I said that above :(

well, sort of

Ted Shifrin

The whole point at this stage is saying things carefully and correctly.

Well, a lot of the whole point.

Brody

True. It's interior to some member of the open cover

Ted Shifrin

I need to eat dinner and go play bridge, so I'm gonna let you finish. But if you write down that $(-\epsilon,\epsilon)\subset U$ and think about it, you'll be two sentences away from done.

Well, maybe three.

Keep me posted, @Brody.

Daminark

See you @Ted!

Ted Shifrin

12:50 AM

See ya, Demonark.

Brody

I'm about to dinner as well, @Ted. Thanks for the help so far. Will do

Ted Shifrin

See ya.

Benjamin

1:08 AM

Is the AMS website mantienence extended?

Brody

1:27 AM

I've finished dinner and written up a proof @Ted. Define $B=\{0\}\cup\{\frac{1}{n}:n=1,2,3,\ldots\}$. $B$ is compact. Proof: Suppose $C=\{U_s\}_{s\in S}$ is an open cover of $B$. Then, $\exists r\in S:0\in U_r$. Since $U_r$ is open, $\exists\epsilon >0:N_\epsilon(0)\subset U_r$. Thus, $B'=\{0;\frac{1}{n},\frac{1}{n+1},\frac{1}{n+2},\ldots\}\subset U_r$ for $n=\lceil \frac{1}{\epsilon}\rceil$. The remainder $B\setminus B'$ is finite and trivially has a finite open cover.

Call that cover $C'$. And $B\subset C'\cup U_r$.

micahphones

1:52 AM

Hey, I'm an amateur mathematician, but I have quite a bit of formal math education too. including a math minor. I just don't have a PhD or Masters degree.

so I posted a question on math stack exchange, but now I'm second guessing, thinking maybe it should have gone on math overflow

is there anyone who has a good sense of this who could help me figure it out?

arctic tern

well, 6 hours isn't much time for something like clifford algebras (which is specialized/advanced for MSE). I'll take a look.

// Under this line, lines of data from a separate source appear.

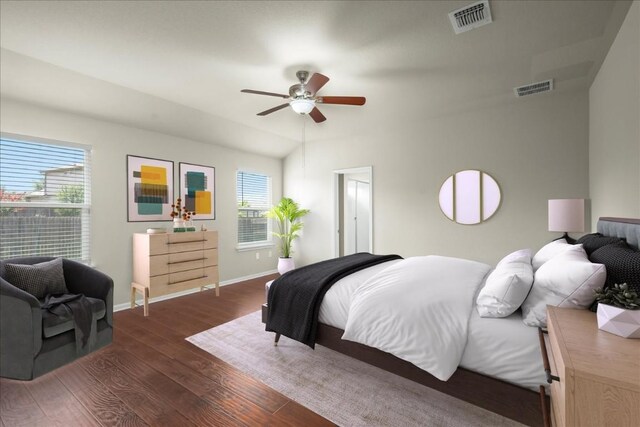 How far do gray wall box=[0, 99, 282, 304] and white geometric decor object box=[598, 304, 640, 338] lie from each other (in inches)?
179

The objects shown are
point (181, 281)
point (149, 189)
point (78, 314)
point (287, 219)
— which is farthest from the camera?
point (287, 219)

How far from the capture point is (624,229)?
1.79 metres

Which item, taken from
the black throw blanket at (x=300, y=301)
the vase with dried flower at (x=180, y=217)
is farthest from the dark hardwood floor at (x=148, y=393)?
the vase with dried flower at (x=180, y=217)

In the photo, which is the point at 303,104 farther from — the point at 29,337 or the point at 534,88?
the point at 29,337

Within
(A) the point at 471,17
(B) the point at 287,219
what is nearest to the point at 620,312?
(A) the point at 471,17

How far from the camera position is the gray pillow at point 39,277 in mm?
2320

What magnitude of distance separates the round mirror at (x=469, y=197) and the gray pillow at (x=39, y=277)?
4.52m

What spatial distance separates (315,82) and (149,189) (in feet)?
9.36

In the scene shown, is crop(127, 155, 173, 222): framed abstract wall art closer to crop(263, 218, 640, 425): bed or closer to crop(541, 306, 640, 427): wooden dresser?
crop(263, 218, 640, 425): bed

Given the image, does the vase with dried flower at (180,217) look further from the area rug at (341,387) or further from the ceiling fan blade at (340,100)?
the ceiling fan blade at (340,100)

quaternions is denoted by H, not Q

"isomorphism $f:X\mapsto A$" doesn't make sense; you mean isomorphism $f:C\ell(p,q)\to A$

micahscopes

ahh, good looking

(thanks for the feedback)

arctic tern

the isomorphism is an isomorphism of k-algebras (k being reals or complex numbers). the only grading that Cl has is the "super", Z_2 grading, and it only respects that grading if you put the appropriate grading on the matrix algebra for that to happen

besides being an isomorphism of algebras, I'm not sure what you mean by its "character"

it seems like in you want explicit formulas for where the isomorphism sends standard basis matrices and standard basis elements of the clifford algebra

since the isomorphism is built recursively, it will probably not be very pretty, and will also be "unnatural" (dependent on many choices built into constructing the isomorphism)

micahscopes

exactly. i meant "character" in a qualitative sense, since i'm also curious about the surrounding theory.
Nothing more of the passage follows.